Por Luciene Rego,
A cultura afro-brasileira é muito rica e está presente em todas as áreas de nosso país. Os africanos que foram escravizados e sequestrados de seus reinos, suas culturas e seus familiares, vindo ao Brasil como migrantes nus, trouxeram consigo sua memória. Ao contrário dos europeus e asiáticos que também fizeram parte da construção do nosso país, a estes povos foi negada a possibilidade de trazer consigo suas louças, seus objetos familiares, etc. Os africanos através de suas memórias contribuíram para a formação da história e da cultura brasileira.
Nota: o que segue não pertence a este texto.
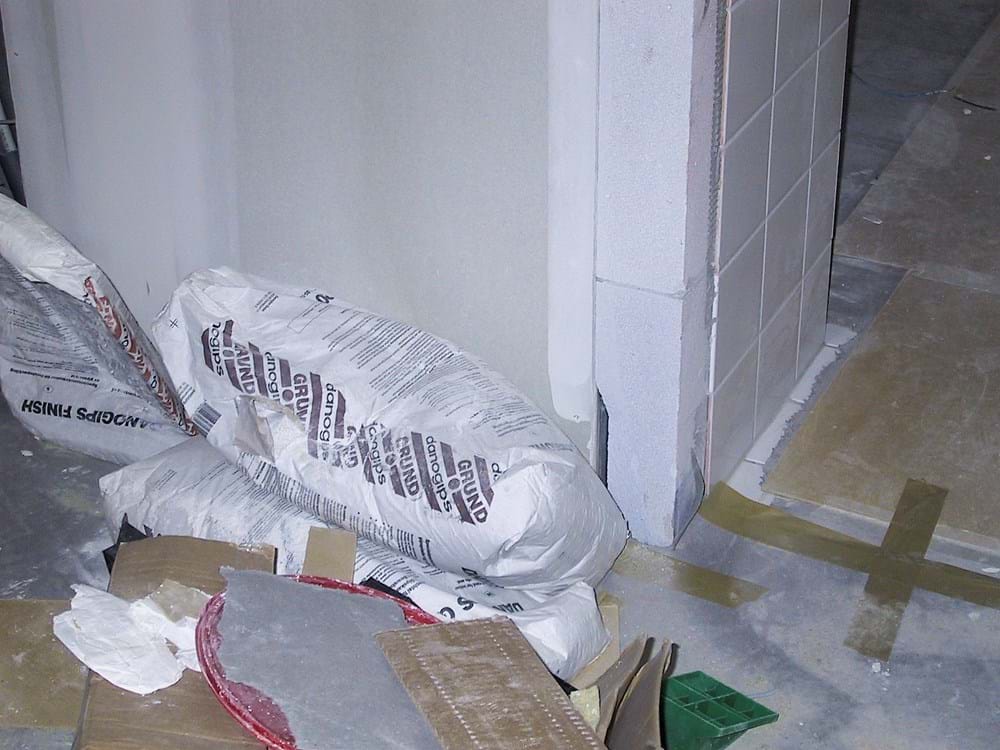 Alt for ofte møder malermestrene rod på byggepladser, der besværliggør arbejdet markant.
A história eurocêntrica negou-os o direito a fazerem parte da cultura escrita, porém suas vozes não foram caladas, foram abafadas, mas não caladas. Através dos saberes religiosos, estes povos continuaram praticando seus rituais em solo brasileiro. Isso pode se notar em manifestações como o Candomblé, a Mina, o Ifá, o Terecô, a Umbanda.
O Candomblé foi essencial para a preservação da língua Yorubá no Brasil. Através dos rituais, esses povos continuaram repassando a seus descendentes a língua, a cultura e os saberes de uma das regiões que mais contribuíram para a cultura do nosso país, a atual Nigéria.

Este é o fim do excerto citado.